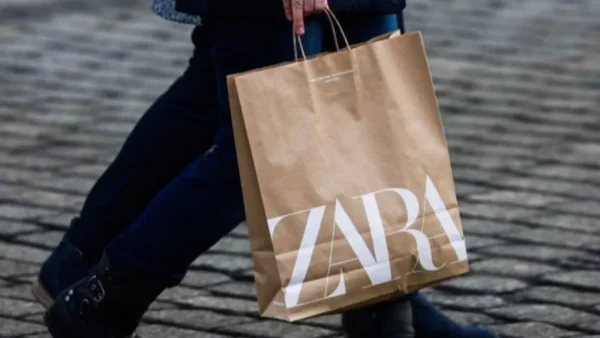 Σε έκπτωση στα Zara το τζιν που φοράνε όλες οι γυναίκες - Κοστίζει 12,99 ευρώ
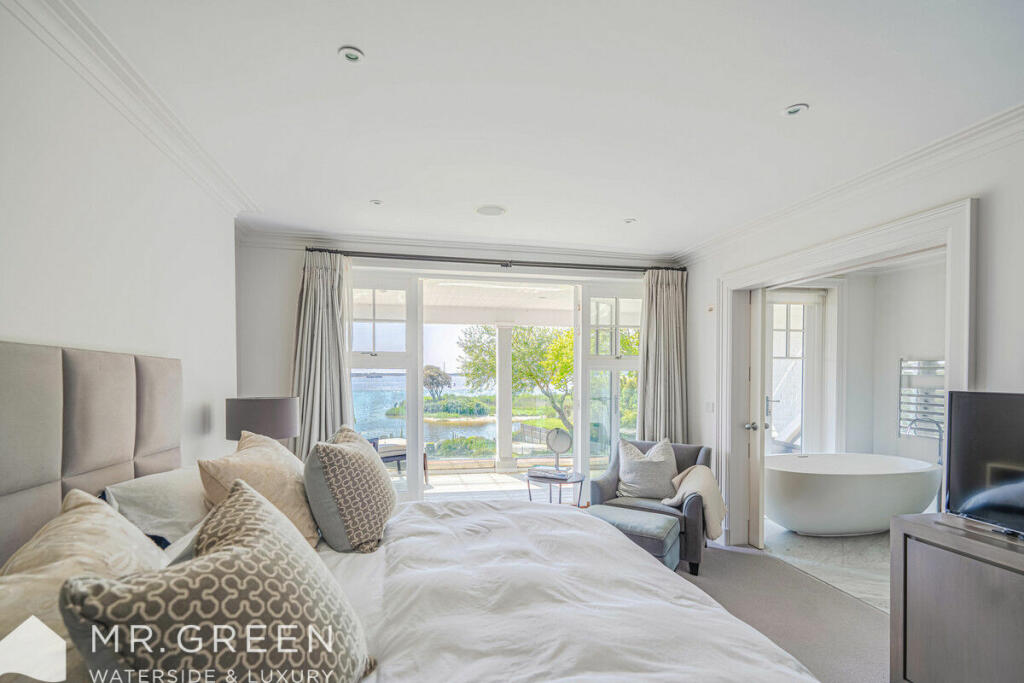 Additional image 25 of Mudeford, Christchurch, BH23 2NJ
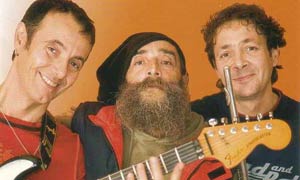 Roberto González, en el centro, junto a sus compañeros de Tabletom.:: Sur/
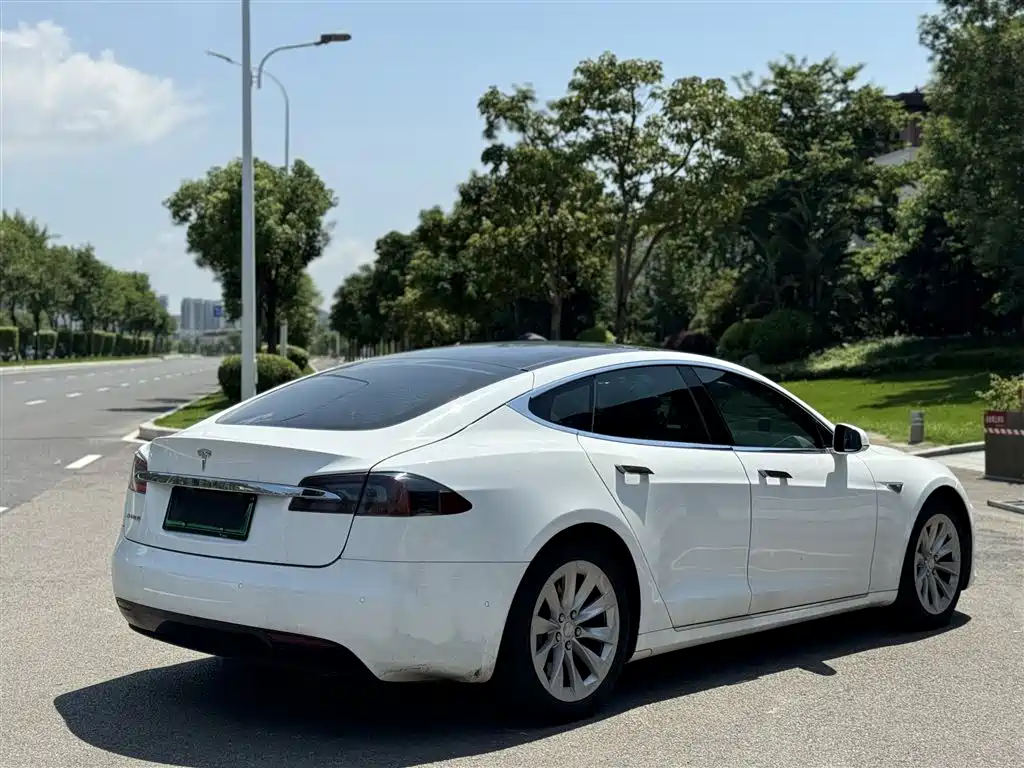 Photo 15 - Tesla Model S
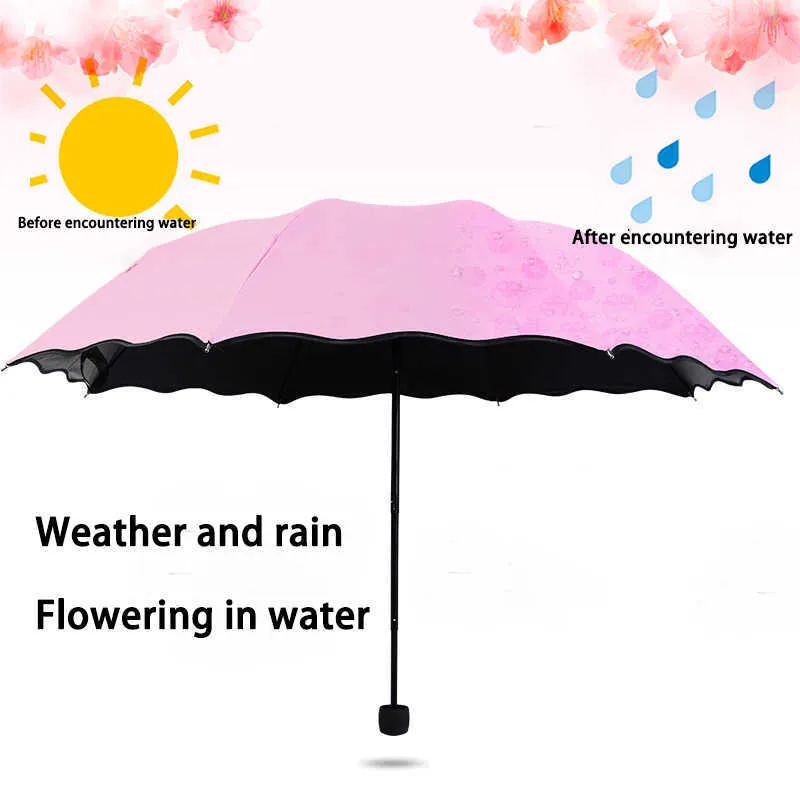 水の中で3つの折りたたみの花が変わる女性の携帯用傘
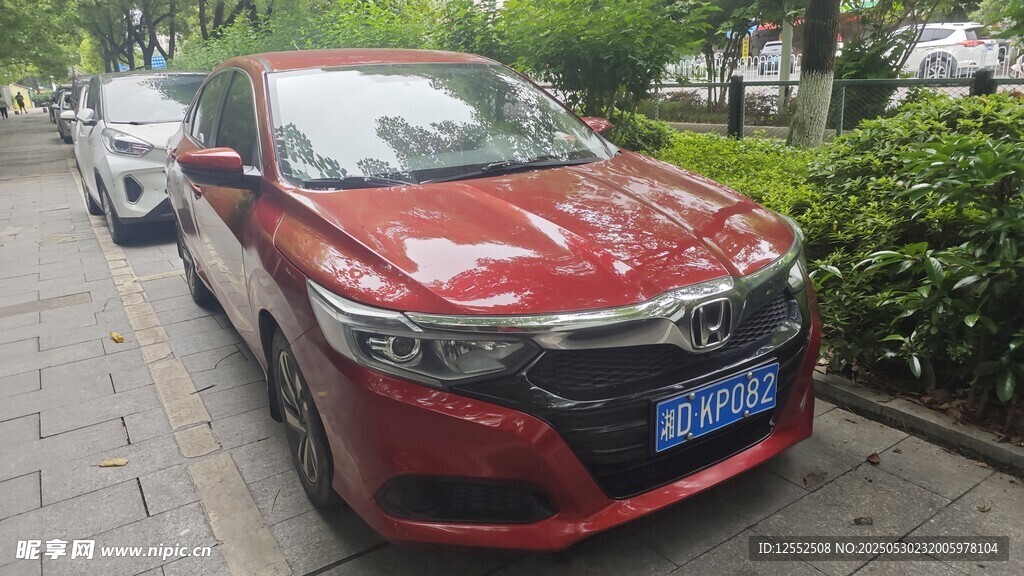 红色轿车停在路边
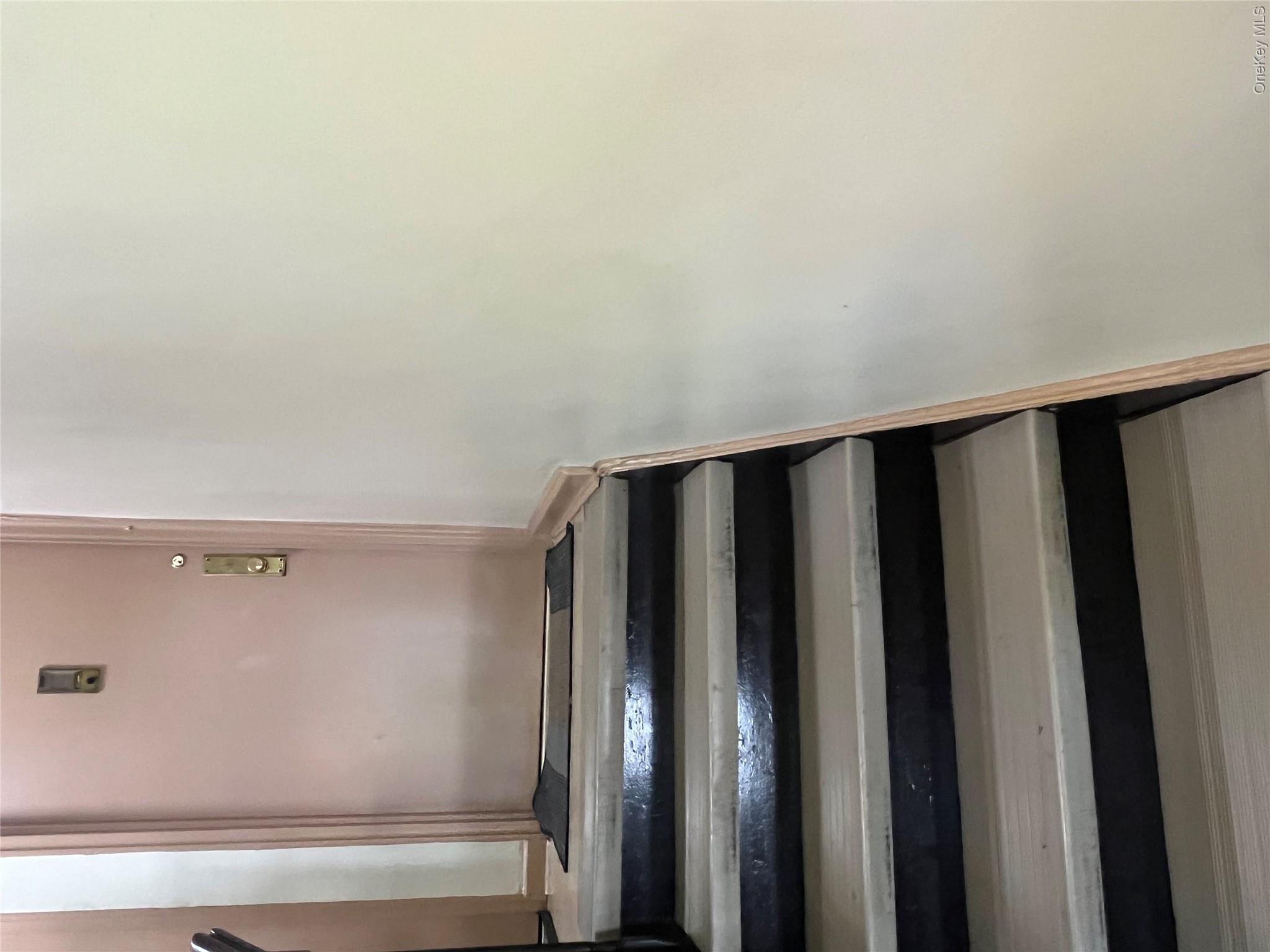 90-32 153 Avenue 0029 Property Photo 3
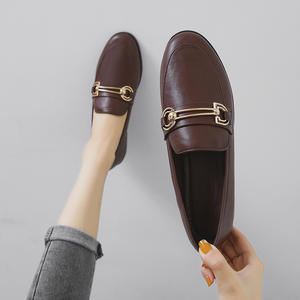 Petites chaussures en cuir pour femmes 2025 automne nouvel article polyvalent un <span class=keywords><strong>pied</strong></span> plat rétro unique <span class=keywords><strong>chaussure</strong></span> grande taille 41-43 - Product Image 3
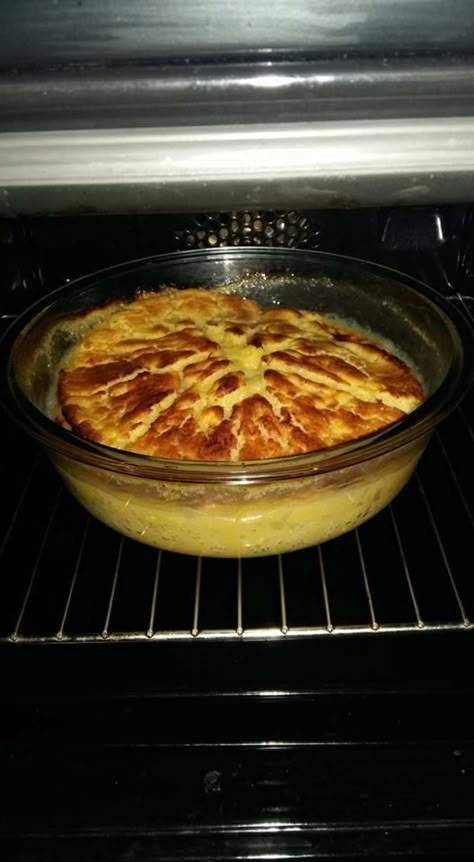 Self Saucing Lemon Pudding Cake, Baked Lemon Pudding Recipes, Lemon Self Saucing Pudding, Lemon Delicious Pudding, Hot Puddings Recipes, Lemon Delicious, Hot Puddings, Self Saucing Pudding, Lemon Pudding Cake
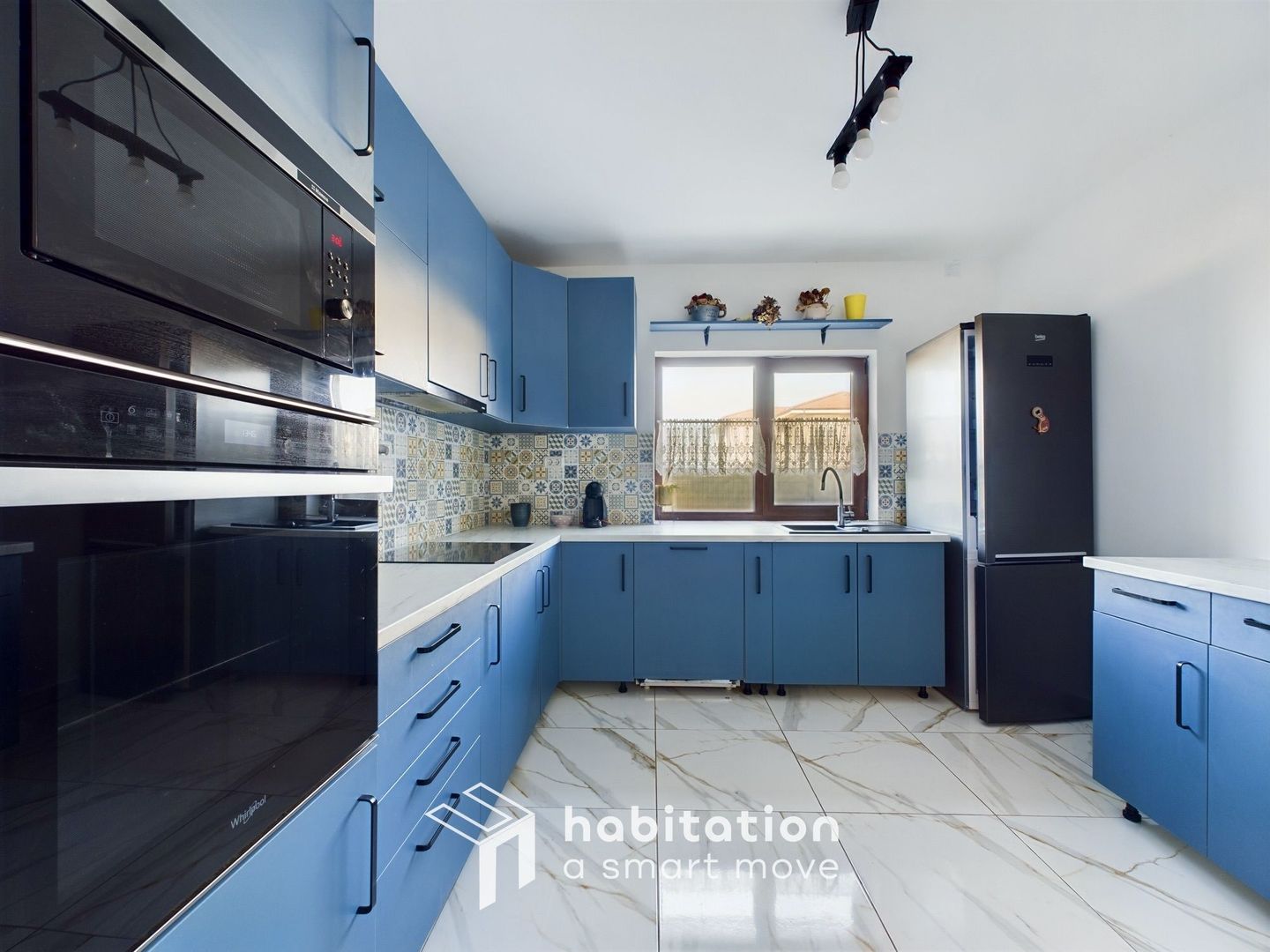 Casă de închiriat spațioasă și luminoasă, Dumbrăvița, tur virtual - Poză 4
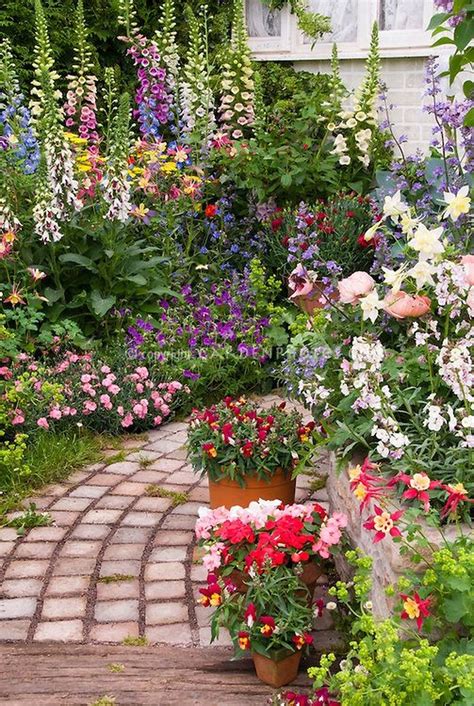 lovely small flower gardens and plants ideas for your front yard 20 pimphomee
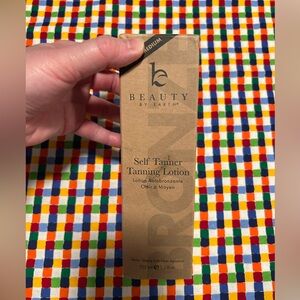 New Beauty by Earth Self Tanner Tanning Lotion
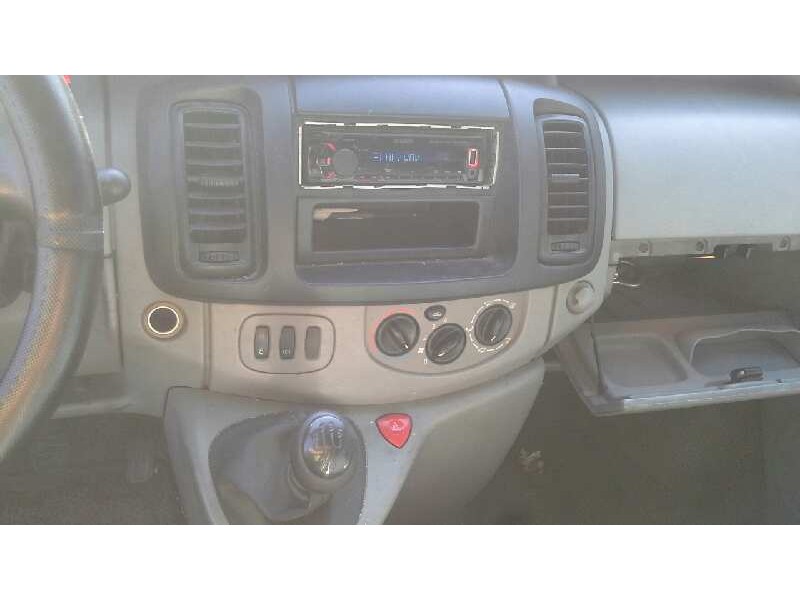 nissan primastar (x83) del año 2003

========================

- [Task prompt] What is needed is an exact copy of the lines from the line with "Additional image 25" to the end of the data above, both included, without any pictures.

- [Response area]
 Additional image 25 of Mudeford, Christchurch, BH23 2NJ
 Roberto González, en el centro, junto a sus compañeros de Tabletom.:: Sur/
 Photo 15 - Tesla Model S
 水の中で3つの折りたたみの花が変わる女性の携帯用傘
 红色轿车停在路边
 90-32 153 Avenue 0029 Property Photo 3
 Petites chaussures en cuir pour femmes 2025 automne nouvel article polyvalent un <span class=keywords><strong>pied</strong></span> plat rétro unique <span class=keywords><strong>chaussure</strong></span> grande taille 41-43 - Product Image 3
 Self Saucing Lemon Pudding Cake, Baked Lemon Pudding Recipes, Lemon Self Saucing Pudding, Lemon Delicious Pudding, Hot Puddings Recipes, Lemon Delicious, Hot Puddings, Self Saucing Pudding, Lemon Pudding Cake
 Casă de închiriat spațioasă și luminoasă, Dumbrăvița, tur virtual - Poză 4
 lovely small flower gardens and plants ideas for your front yard 20 pimphomee
 New Beauty by Earth Self Tanner Tanning Lotion
 nissan primastar (x83) del año 2003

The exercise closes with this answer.